Debits are recorded on the left-hand side of your accounting journal. You will reflect debits on an asset account on your balance sheet and the expense account on your income statement. By accurately recording your debits and credits, you can ensure your books are balanced at the end of each accounting period.

For example, suppose you purchase a new computer. You can enter this additional office equipment as a debit in your asset account since it's an asset gained. Whereas the money used to buy the computer will also be recorded as a credit that reduces your expense account.

13. Depreciation (Dep)

Depreciation refers to a method in accounting that allows your business to allocate the cost of a physical asset over its life expectancy. By calculating depreciation, your business can determine how much of an asset's value is used up.

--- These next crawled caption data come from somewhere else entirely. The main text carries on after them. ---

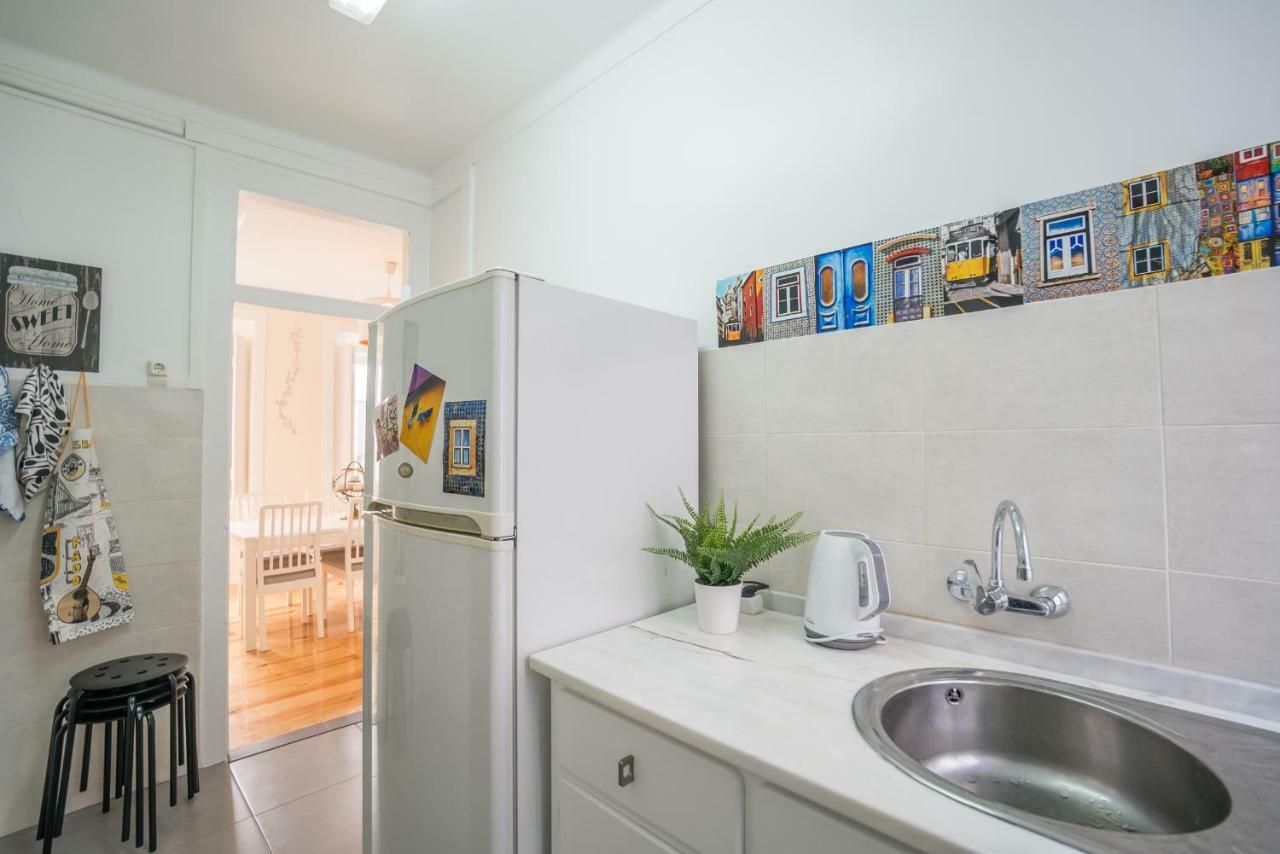 Mouraria 2 Bedroom Apartment Lisbon Bagian luar foto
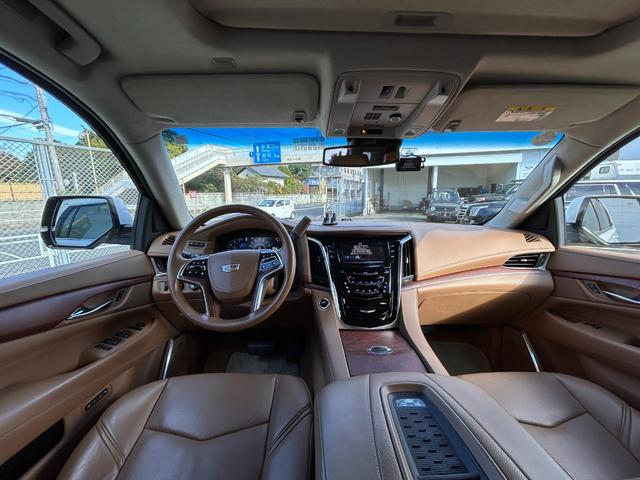 キャデラックエスカレード 　プラチナム　正規ディーラー車　アダクティブクルーズ　マグネティックライドコントロース　ナビ　地デジ　バック＆フロント＆全周囲カメラ　アップルカープレイ　ヘッドレスト＆フリップダウンモニター電動ステップ（9枚目）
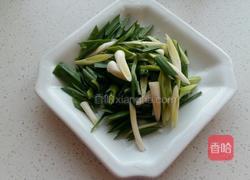 蒜苗粉条炒肉丝的做法图解2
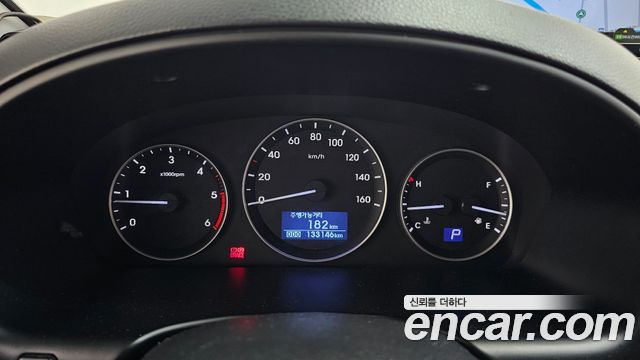 Hyundai Starex 2019 — photo 11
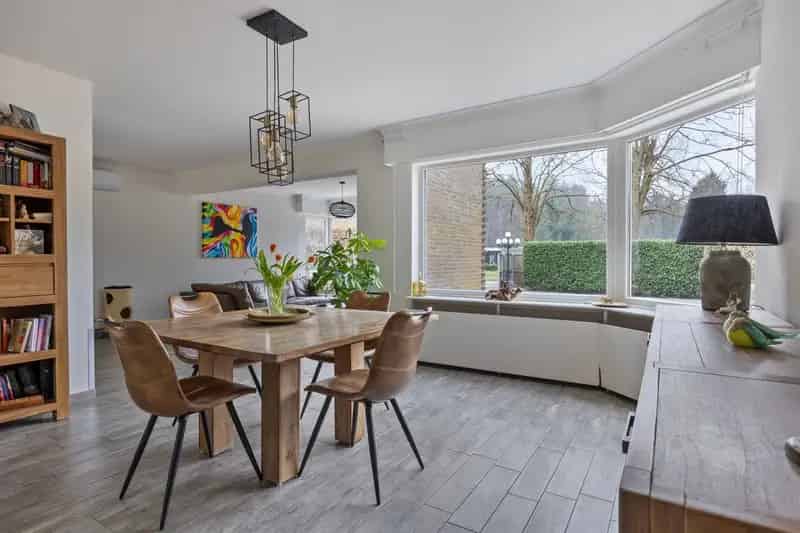 Tijdloze Parel in het Groen - Gerenoveerde Vrijstaande Woning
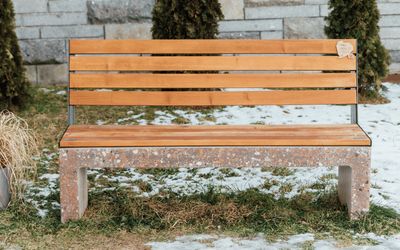 V hotelu Srní hledali celoroční udržitelné sezení na zahrádku, našli ho u firmy Cementum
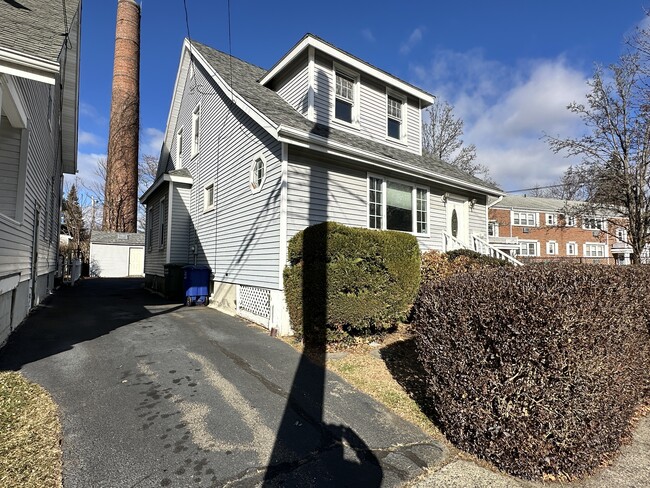 131 Nash Ln in Bridgeport, CT - Building Photo - Building Photo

For example, suppose your business purchases a vehicle for $40,000. Instead of writing off the entire cost within the first year of purchase, you can allocate the vehicle cost over its useful lifetime. If you expect the vehicle to last ten years, the depreciation would be $4,000 each year, and you can expense it as $4,000 for your current calendar accounting period.

14. Diversification

Diversification helps your business manage risk, letting you allocate capital across various assets. That way, one asset's performance doesn't dictate the performance of all your assets. Basically, you're spreading your investments over different industries and fields. The term diversification is used most in investment portfolios.

For example, if you have a portfolio of stocks in one company only, your entire portfolio will be negatively impacted if that stock does badly. In contrast, having diversification in your portfolio means you have multiple stocks from different companies as well as bond options. If stock prices fall and bond prices rise, it won't impact your diverse portfolio as negatively.

15. Equity (E)

Equity in accounting refers to the portion of your company that the owners and investors own. You can calculate this by subtracting your liabilities from your assets, i.e., Equity = Assets - Liabilities

For example, suppose you're paying a mortgage for your business property. You submit the final payment, so there are no more liabilities to the bank. In this case, you can say, "with this final payment, we now own 100% of the equity in our business property."

16. Expense

Although the expense and cost of the terms are sometimes used interchangeably, there's a specific difference in accounting. An expense is a type of cost your business incurs to create revenue. It's also a cost that your business regularly spends to pay for something and directly impacts your business profitability. Expenses will typically show up on your profit and loss statement.

Although a cost can be a purchase of an asset, an expense is anything paid for that your business needs to earn revenue. For example, expenses include:

● Any fixed amount you must pay monthly even if you make no sales, such as utility costs

● Raw materials required to create a product

● Employee wages to keep your business open

17. Fixed cost (FC)

A fixed cost (FC) is a cost your business has that doesn't change depending on the decrease or increase in the number of services provided or goods produced and sold. Your business needs to pay FC regardless of what is going on with your business activities that generate revenue.

Examples of fixed costs your business might have include:

● Employees who have salaries (as opposed to hourly wages)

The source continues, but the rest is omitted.